-- Description of the task --
Set down all of the entries word for word, omitting the images they contain.

-- Supplied data --
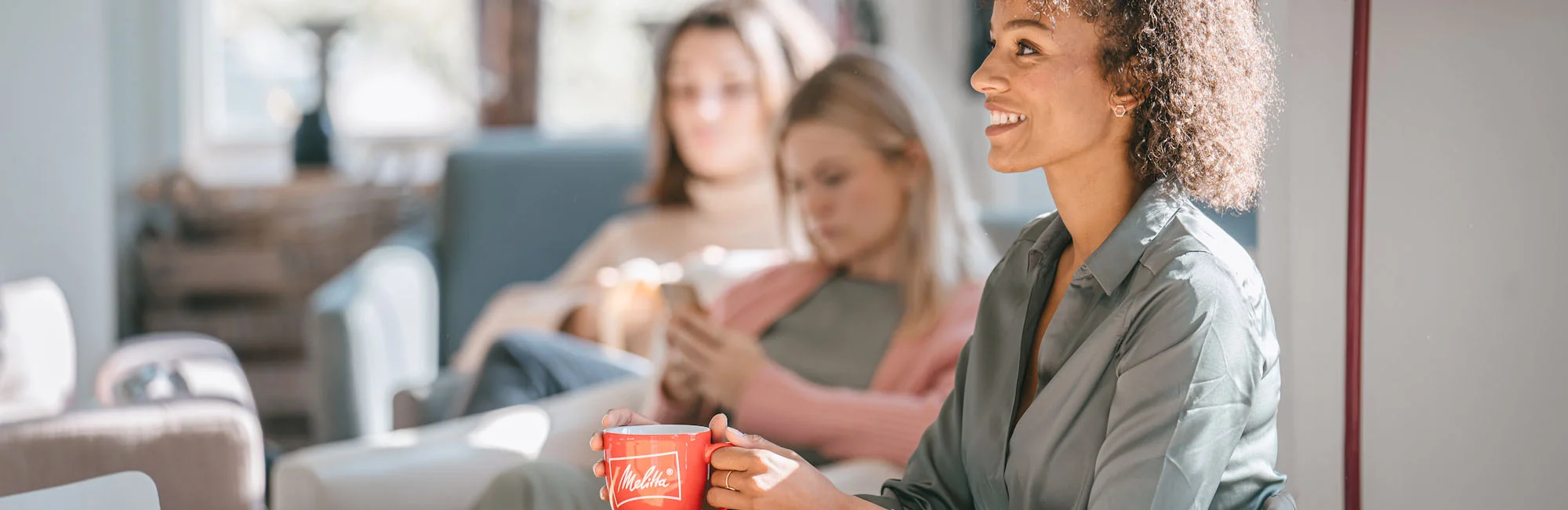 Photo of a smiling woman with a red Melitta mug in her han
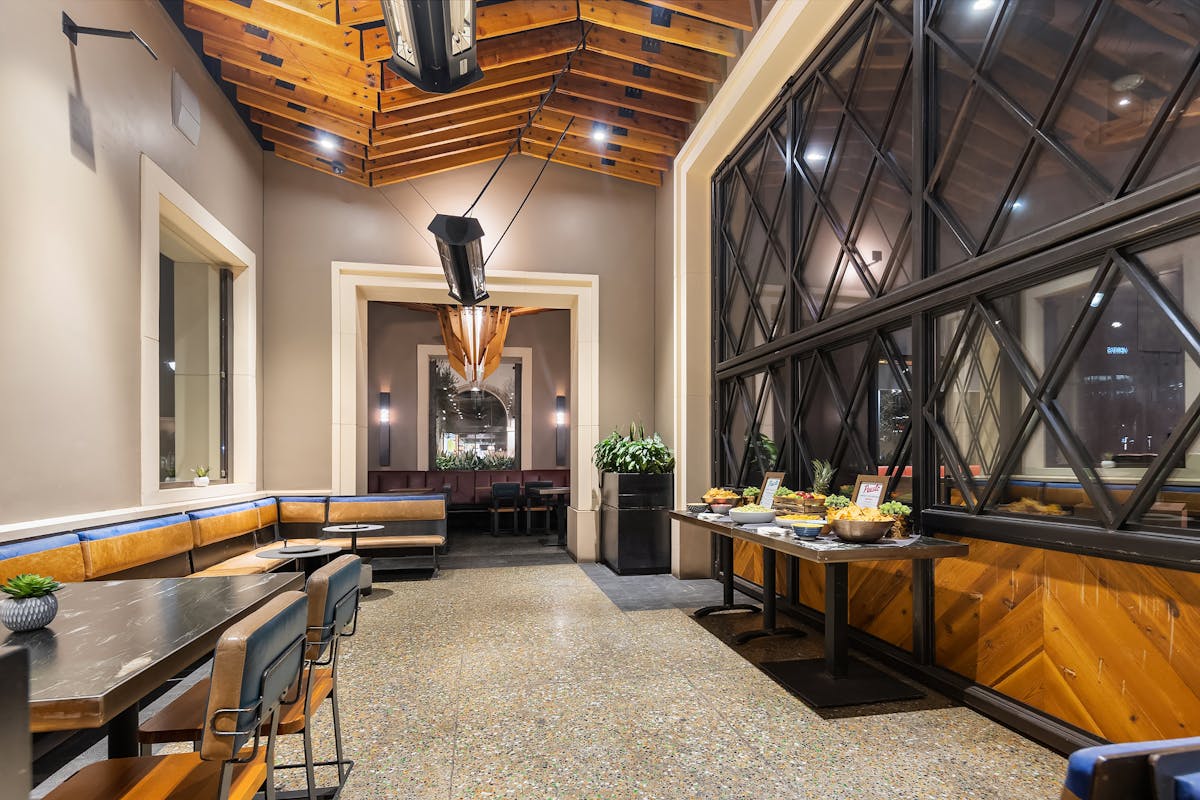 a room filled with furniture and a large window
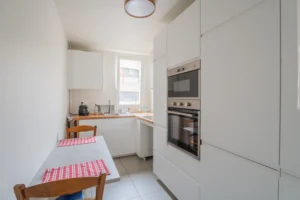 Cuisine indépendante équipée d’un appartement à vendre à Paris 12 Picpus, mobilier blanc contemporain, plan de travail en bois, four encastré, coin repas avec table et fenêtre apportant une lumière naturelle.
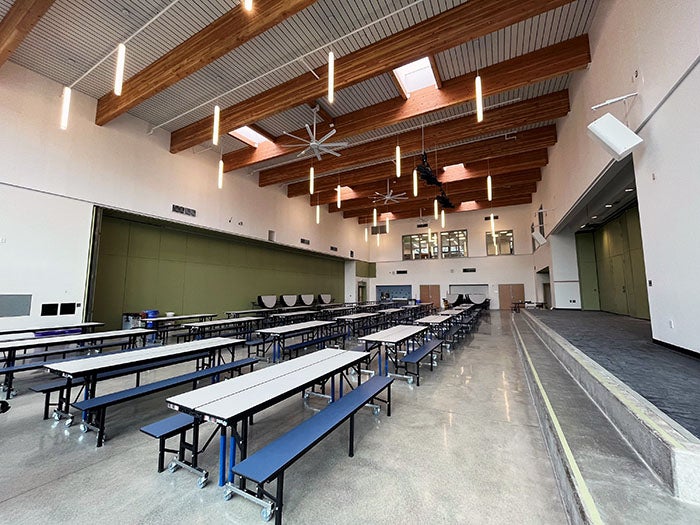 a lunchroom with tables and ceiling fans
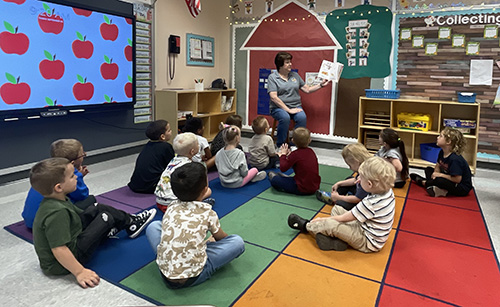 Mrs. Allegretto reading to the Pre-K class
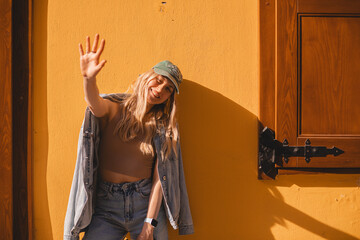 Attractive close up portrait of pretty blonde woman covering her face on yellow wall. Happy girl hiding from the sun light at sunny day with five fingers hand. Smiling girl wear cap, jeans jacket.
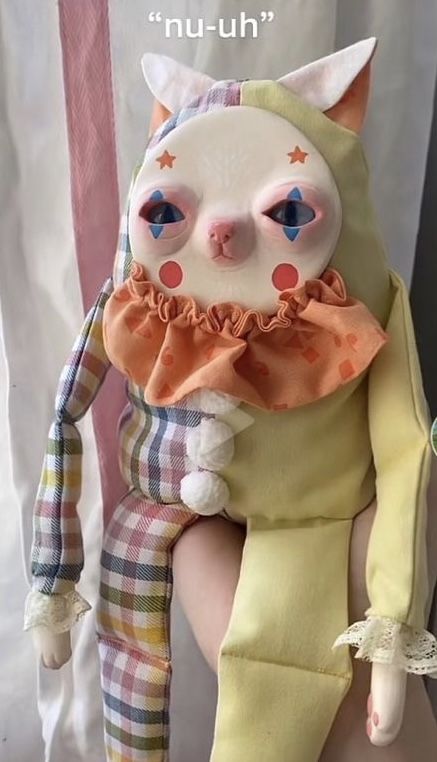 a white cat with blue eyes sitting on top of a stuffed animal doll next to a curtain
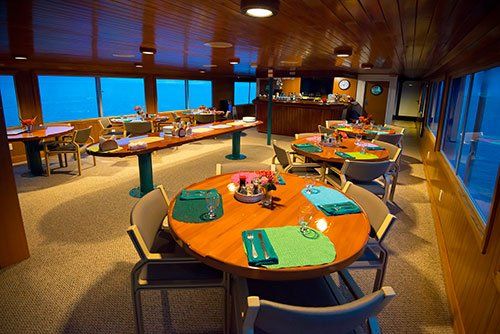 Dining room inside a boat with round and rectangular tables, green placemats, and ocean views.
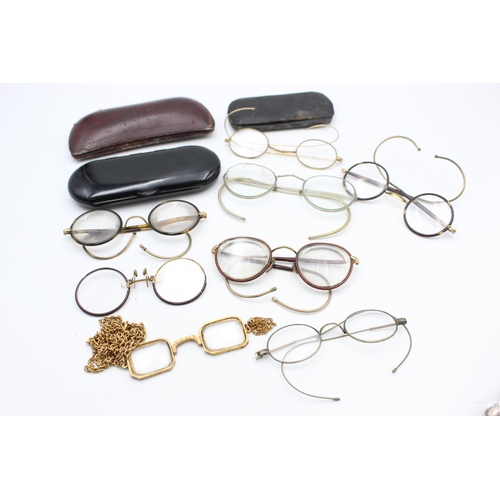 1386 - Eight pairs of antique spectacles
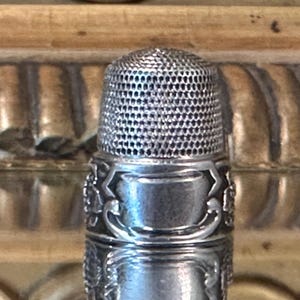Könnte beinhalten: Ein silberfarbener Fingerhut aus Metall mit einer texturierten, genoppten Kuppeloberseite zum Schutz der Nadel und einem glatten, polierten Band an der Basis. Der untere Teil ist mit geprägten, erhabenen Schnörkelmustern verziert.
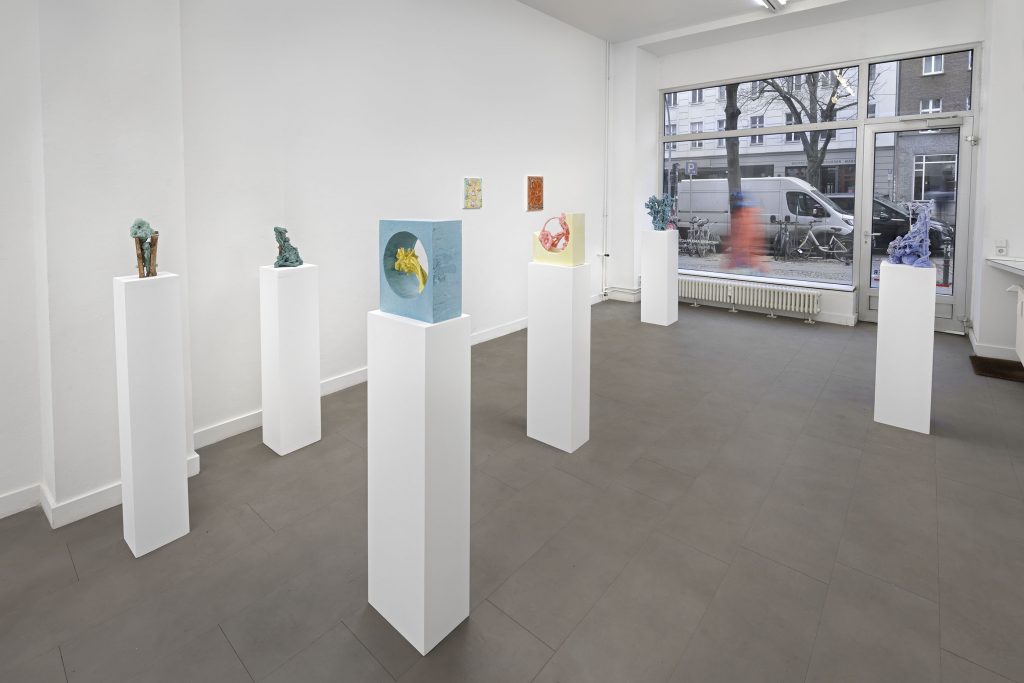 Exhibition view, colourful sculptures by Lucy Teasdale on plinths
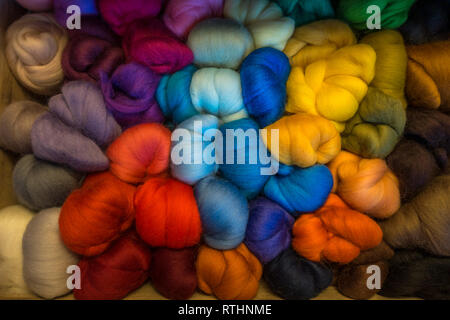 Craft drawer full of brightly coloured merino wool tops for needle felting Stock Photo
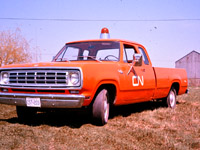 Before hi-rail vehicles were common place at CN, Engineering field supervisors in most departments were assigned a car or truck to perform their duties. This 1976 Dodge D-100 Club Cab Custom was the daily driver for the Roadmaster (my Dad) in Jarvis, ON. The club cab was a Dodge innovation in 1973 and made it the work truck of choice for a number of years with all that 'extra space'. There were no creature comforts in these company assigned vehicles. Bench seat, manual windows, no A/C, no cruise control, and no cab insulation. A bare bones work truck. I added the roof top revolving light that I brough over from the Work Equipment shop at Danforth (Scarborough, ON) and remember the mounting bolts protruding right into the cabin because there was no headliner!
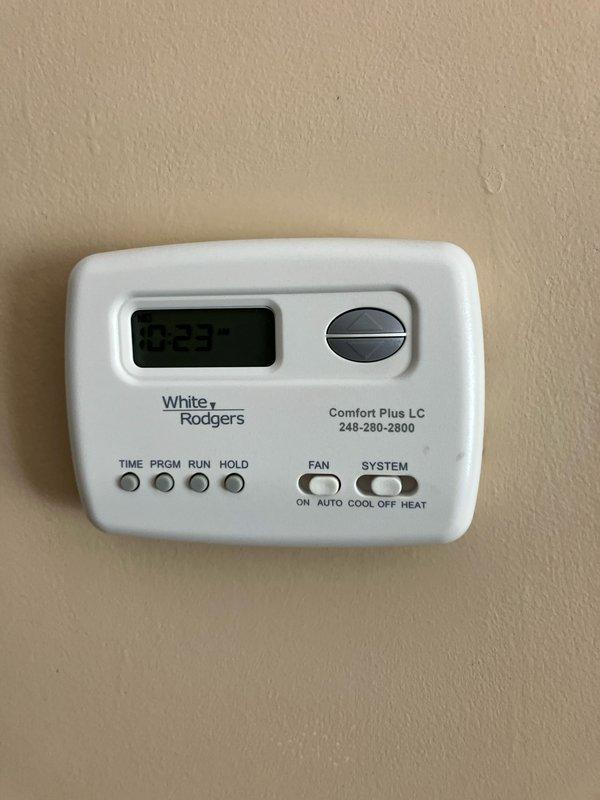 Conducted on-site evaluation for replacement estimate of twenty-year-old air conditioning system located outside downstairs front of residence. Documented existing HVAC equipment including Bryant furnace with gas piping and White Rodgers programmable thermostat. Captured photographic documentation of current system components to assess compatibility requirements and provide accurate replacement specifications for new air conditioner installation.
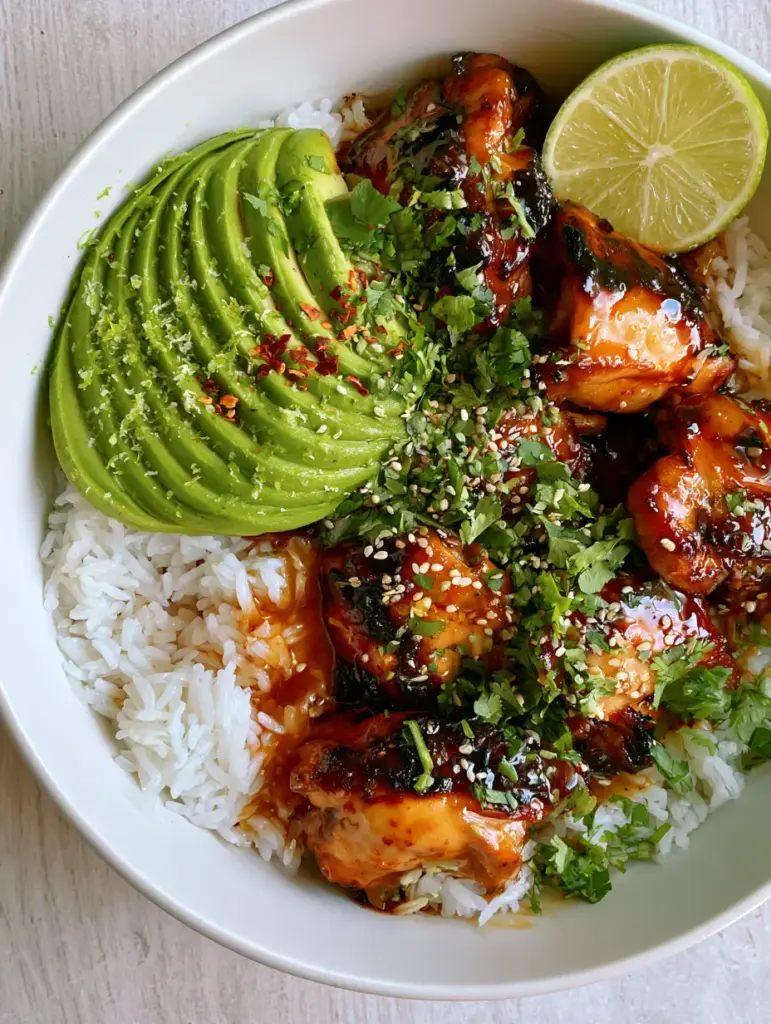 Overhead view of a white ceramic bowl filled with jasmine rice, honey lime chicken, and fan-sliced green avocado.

-- Exercise solution --
 Photo of a smiling woman with a red Melitta mug in her han
 a room filled with furniture and a large window
 Cuisine indépendante équipée d’un appartement à vendre à Paris 12 Picpus, mobilier blanc contemporain, plan de travail en bois, four encastré, coin repas avec table et fenêtre apportant une lumière naturelle.
 a lunchroom with tables and ceiling fans
 Mrs. Allegretto reading to the Pre-K class
 Attractive close up portrait of pretty blonde woman covering her face on yellow wall. Happy girl hiding from the sun light at sunny day with five fingers hand. Smiling girl wear cap, jeans jacket.
 a white cat with blue eyes sitting on top of a stuffed animal doll next to a curtain
 Dining room inside a boat with round and rectangular tables, green placemats, and ocean views.
 1386 - Eight pairs of antique spectacles
Könnte beinhalten: Ein silberfarbener Fingerhut aus Metall mit einer texturierten, genoppten Kuppeloberseite zum Schutz der Nadel und einem glatten, polierten Band an der Basis. Der untere Teil ist mit geprägten, erhabenen Schnörkelmustern verziert.
 Exhibition view, colourful sculptures by Lucy Teasdale on plinths
 Craft drawer full of brightly coloured merino wool tops for needle felting Stock Photo
 Before hi-rail vehicles were common place at CN, Engineering field supervisors in most departments were assigned a car or truck to perform their duties. This 1976 Dodge D-100 Club Cab Custom was the daily driver for the Roadmaster (my Dad) in Jarvis, ON. The club cab was a Dodge innovation in 1973 and made it the work truck of choice for a number of years with all that 'extra space'. There were no creature comforts in these company assigned vehicles. Bench seat, manual windows, no A/C, no cruise control, and no cab insulation. A bare bones work truck. I added the roof top revolving light that I brough over from the Work Equipment shop at Danforth (Scarborough, ON) and remember the mounting bolts protruding right into the cabin because there was no headliner!
 Conducted on-site evaluation for replacement estimate of twenty-year-old air conditioning system located outside downstairs front of residence. Documented existing HVAC equipment including Bryant furnace with gas piping and White Rodgers programmable thermostat. Captured photographic documentation of current system components to assess compatibility requirements and provide accurate replacement specifications for new air conditioner installation.
 Overhead view of a white ceramic bowl filled with jasmine rice, honey lime chicken, and fan-sliced green avocado.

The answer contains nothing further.